Я подкарауливала ее, потому что мне хотелось словчить и постараться, чтобы мама мне сделала перевязку первой, и я была свободна. Две недели тому назад я прыгнула с крыльца и пришлась пяткой на валявшиеся деревянные грабли. Рана была порядочная, но сейчас уже затягивалась, вот я и ждала перевязки. Но мама медлила и внимательно разглядывала на свет оставшуюся от наволочки квадратную тряпку.

— Из этого куска можно что-нибудь сделать, его можно преобразовать, он еще крепкий, — задумчиво сказала мама.

«Что можно сделать из старой наволочки, кроме пыльной тряпки?» — думала я, но молчала. А мама все разглядывала и выравнивала ножницами свою тряпочку. Потом встала, приложила ее к заслонке русской печки и сказала:

— Знаешь, Туся, я сделаю из нее занавеску на печку: ведь летом мы ее не топим.
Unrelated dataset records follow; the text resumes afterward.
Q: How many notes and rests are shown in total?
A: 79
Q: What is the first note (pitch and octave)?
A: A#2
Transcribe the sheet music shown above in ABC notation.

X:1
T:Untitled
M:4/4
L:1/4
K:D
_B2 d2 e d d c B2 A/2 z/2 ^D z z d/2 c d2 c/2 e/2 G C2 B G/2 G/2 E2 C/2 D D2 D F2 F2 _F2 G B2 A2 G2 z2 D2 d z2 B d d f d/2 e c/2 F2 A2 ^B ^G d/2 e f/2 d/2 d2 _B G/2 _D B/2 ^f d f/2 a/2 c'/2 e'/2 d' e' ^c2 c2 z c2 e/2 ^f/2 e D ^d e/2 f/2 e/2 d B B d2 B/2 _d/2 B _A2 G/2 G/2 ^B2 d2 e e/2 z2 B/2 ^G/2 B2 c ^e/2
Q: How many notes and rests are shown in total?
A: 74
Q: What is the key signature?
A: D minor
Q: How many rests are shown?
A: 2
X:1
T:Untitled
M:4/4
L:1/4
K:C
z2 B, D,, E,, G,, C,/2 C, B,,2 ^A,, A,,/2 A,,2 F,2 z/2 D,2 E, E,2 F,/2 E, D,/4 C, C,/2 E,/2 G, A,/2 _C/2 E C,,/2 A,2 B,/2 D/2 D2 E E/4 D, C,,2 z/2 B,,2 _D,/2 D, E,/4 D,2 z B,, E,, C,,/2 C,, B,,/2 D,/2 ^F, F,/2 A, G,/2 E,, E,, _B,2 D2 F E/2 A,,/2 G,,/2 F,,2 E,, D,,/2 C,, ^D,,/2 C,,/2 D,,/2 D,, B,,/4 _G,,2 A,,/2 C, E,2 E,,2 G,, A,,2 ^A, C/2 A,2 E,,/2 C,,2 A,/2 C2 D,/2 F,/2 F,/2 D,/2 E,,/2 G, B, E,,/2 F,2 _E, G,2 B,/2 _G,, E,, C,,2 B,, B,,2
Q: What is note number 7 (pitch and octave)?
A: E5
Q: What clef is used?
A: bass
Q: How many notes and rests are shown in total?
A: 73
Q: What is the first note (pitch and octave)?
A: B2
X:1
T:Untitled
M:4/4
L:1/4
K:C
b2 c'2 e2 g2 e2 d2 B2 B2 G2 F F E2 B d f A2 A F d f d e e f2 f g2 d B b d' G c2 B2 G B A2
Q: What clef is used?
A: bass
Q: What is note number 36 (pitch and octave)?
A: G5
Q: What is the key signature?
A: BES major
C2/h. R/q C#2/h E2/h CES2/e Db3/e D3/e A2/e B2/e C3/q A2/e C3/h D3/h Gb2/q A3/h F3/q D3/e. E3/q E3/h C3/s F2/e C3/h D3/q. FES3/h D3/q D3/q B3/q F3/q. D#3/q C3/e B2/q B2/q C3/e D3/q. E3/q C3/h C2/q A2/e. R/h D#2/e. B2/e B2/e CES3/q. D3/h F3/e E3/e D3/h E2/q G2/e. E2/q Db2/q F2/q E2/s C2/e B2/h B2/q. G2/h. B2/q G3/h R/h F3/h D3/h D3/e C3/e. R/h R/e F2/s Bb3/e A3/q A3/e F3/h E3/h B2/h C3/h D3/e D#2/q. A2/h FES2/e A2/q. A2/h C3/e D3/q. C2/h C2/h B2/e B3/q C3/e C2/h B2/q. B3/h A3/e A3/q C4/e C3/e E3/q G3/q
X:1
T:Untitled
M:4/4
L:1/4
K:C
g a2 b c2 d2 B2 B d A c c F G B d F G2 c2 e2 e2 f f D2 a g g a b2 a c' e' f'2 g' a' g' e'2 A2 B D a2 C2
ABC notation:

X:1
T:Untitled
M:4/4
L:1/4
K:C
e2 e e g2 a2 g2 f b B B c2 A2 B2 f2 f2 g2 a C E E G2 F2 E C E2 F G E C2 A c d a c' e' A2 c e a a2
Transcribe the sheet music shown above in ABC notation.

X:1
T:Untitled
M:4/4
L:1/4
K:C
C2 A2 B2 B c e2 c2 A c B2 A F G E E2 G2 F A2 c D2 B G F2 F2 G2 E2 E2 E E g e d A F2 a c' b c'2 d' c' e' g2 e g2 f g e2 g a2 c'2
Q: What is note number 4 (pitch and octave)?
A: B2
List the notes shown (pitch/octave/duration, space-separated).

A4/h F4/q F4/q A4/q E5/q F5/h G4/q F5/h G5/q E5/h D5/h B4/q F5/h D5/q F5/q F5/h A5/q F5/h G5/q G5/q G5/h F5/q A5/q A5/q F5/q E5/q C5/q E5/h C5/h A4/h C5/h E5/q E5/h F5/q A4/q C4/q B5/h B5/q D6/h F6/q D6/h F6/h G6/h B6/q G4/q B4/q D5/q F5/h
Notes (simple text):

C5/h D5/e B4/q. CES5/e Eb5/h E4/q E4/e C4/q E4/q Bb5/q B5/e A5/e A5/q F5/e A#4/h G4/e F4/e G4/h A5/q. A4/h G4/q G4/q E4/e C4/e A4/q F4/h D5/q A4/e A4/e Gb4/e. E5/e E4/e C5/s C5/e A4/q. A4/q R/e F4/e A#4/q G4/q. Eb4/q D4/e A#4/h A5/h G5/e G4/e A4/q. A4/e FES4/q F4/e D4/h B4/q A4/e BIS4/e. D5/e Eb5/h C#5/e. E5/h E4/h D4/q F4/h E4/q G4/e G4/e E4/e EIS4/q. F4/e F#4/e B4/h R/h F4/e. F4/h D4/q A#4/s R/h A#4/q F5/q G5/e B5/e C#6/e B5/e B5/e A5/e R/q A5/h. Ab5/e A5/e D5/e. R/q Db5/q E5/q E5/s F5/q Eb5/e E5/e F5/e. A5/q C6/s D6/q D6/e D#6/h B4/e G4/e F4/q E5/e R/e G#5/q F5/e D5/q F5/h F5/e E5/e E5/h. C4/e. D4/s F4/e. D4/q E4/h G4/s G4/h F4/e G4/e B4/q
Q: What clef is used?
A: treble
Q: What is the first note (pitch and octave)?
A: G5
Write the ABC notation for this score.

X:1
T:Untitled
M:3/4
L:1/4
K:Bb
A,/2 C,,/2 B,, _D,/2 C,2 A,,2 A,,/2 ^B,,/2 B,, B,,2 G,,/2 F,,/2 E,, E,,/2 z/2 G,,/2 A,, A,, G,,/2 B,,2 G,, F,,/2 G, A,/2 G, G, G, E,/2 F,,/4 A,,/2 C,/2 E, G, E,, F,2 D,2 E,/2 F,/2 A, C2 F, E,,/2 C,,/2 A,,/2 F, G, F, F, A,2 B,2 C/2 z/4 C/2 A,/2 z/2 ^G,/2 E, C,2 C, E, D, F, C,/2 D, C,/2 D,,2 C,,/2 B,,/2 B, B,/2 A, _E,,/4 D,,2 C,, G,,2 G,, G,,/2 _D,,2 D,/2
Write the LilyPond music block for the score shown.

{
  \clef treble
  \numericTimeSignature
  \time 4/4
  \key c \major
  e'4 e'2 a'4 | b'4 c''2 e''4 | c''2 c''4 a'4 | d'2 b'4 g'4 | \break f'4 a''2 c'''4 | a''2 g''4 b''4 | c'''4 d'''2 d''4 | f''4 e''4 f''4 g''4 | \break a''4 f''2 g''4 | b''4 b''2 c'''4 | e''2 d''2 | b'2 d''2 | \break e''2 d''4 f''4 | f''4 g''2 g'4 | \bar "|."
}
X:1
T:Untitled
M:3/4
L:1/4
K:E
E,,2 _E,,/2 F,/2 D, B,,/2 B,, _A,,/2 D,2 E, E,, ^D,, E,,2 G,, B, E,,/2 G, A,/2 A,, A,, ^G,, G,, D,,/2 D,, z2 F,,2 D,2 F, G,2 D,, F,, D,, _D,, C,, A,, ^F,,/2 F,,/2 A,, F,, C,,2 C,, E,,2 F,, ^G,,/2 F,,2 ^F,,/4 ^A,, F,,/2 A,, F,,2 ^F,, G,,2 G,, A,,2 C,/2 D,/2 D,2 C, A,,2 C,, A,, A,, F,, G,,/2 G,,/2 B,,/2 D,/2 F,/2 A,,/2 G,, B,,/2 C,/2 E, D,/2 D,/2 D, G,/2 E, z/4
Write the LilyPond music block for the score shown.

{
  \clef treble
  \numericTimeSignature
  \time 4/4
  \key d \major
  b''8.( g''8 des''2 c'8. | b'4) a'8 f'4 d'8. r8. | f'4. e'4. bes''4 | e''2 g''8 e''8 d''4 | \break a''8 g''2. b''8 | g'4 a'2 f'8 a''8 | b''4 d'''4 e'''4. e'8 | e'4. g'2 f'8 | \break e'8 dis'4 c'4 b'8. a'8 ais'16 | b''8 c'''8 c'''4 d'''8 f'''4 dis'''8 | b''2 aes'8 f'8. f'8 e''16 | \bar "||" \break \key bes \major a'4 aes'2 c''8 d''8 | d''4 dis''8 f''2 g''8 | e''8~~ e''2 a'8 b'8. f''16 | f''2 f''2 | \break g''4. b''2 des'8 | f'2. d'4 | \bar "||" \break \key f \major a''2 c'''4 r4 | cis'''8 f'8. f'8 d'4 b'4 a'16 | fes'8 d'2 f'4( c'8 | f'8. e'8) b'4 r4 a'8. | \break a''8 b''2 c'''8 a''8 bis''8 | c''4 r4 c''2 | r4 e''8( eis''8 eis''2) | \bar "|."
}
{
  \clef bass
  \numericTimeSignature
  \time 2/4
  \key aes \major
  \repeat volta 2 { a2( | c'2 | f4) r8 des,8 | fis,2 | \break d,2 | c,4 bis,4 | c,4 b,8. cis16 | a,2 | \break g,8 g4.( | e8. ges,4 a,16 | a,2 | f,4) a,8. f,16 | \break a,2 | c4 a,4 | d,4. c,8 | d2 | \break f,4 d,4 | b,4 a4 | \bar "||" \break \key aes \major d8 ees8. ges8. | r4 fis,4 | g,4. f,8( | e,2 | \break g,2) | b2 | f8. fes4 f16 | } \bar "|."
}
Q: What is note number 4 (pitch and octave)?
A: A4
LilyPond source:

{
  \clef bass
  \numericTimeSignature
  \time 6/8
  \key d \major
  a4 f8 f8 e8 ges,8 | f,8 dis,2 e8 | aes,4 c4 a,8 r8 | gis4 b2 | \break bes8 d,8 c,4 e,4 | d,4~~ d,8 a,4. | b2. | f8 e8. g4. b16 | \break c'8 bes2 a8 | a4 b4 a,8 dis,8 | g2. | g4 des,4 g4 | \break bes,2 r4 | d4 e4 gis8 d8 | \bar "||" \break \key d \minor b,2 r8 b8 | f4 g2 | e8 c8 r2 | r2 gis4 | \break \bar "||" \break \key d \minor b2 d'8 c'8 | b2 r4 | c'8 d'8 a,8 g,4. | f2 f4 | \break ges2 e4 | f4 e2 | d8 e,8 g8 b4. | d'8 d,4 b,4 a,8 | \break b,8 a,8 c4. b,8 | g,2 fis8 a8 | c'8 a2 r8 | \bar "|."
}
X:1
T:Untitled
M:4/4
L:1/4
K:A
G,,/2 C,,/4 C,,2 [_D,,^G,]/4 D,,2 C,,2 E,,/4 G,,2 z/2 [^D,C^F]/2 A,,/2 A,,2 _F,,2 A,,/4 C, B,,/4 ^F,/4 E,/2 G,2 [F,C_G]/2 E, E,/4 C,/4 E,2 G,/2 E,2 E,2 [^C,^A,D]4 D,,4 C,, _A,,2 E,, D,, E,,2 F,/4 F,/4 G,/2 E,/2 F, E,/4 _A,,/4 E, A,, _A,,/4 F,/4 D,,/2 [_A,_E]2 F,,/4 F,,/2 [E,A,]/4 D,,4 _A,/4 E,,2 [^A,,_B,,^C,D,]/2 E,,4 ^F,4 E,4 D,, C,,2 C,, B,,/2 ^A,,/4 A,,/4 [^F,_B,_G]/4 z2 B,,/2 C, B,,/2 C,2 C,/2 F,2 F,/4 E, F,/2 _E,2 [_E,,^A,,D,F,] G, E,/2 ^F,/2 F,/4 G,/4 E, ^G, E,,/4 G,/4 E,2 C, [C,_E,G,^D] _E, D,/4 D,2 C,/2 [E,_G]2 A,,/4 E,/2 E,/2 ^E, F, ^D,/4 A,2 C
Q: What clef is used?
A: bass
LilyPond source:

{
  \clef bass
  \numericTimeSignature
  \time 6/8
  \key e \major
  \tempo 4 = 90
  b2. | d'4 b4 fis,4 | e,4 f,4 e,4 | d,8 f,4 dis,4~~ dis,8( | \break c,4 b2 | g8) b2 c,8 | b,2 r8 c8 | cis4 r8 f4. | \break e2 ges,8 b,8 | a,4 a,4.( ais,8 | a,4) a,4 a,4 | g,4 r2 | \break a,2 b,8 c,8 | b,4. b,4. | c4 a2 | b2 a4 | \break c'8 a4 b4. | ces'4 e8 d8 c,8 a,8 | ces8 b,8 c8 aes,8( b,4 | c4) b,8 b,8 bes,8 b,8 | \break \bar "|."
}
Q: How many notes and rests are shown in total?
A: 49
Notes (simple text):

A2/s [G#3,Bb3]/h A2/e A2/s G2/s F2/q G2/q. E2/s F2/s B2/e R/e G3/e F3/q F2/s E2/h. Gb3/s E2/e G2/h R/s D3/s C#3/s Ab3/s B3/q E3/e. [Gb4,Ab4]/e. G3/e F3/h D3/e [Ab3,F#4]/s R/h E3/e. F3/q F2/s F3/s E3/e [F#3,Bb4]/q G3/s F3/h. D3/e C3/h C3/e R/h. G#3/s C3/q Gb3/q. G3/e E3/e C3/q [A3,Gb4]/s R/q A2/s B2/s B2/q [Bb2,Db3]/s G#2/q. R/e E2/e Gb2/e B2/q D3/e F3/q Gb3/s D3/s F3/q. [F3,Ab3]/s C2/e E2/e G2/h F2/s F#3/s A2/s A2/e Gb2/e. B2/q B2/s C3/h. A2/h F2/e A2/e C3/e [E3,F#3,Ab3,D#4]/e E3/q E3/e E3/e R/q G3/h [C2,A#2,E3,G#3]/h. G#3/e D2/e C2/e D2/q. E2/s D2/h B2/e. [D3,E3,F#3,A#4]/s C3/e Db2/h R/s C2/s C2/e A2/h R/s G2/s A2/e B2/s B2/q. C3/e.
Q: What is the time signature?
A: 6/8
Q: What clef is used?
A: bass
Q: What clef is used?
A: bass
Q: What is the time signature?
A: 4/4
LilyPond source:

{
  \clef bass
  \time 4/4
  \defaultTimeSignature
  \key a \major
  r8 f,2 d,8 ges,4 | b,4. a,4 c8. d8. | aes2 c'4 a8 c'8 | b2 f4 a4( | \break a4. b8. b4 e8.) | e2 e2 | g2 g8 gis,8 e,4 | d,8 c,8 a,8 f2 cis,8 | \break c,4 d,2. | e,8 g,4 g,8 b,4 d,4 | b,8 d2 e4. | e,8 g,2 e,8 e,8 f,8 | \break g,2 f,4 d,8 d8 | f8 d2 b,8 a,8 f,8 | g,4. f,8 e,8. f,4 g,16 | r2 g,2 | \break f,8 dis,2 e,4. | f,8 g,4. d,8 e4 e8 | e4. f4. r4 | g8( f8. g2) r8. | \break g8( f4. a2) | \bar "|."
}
Жалко только, что она белая. Может быть, ты попробуешь что-нибудь нарисовать на этой тряпочке? Может, это будет красиво?

После перевязки я взяла акварельные краски и начала рисовать на тряпке букет. Краски совершенно не ложились на ткань, да и мало их было: уже все израсходовались и засохли. Мне очень хотелось угодить маме, но как? Как и чем можно разрисовать тряпку? И вдруг меня осенило! В одну минуту я схватила папину бутылку с чернилами, окунула в нее кисточку и начала рисовать букет из ромашек и васильков в маленькой вазе. Лиловые чернила плыли и растекались по материи с невероятной быстротой, в связи с этим я решила обойтись без вазы. «Пускай, — думала я, — будет просто букет, просто цветы. Цветы не портит, если у них расплывчатые края». Хотя некоторые ромашки стали похожи на еловые ветки и были не белые, а лиловые, но все-таки это были цветы, а не елки. И даже довольно красивенькие, как мне казалось. Да, мама права, что-то может получиться, но пустовато, пустовато по углам.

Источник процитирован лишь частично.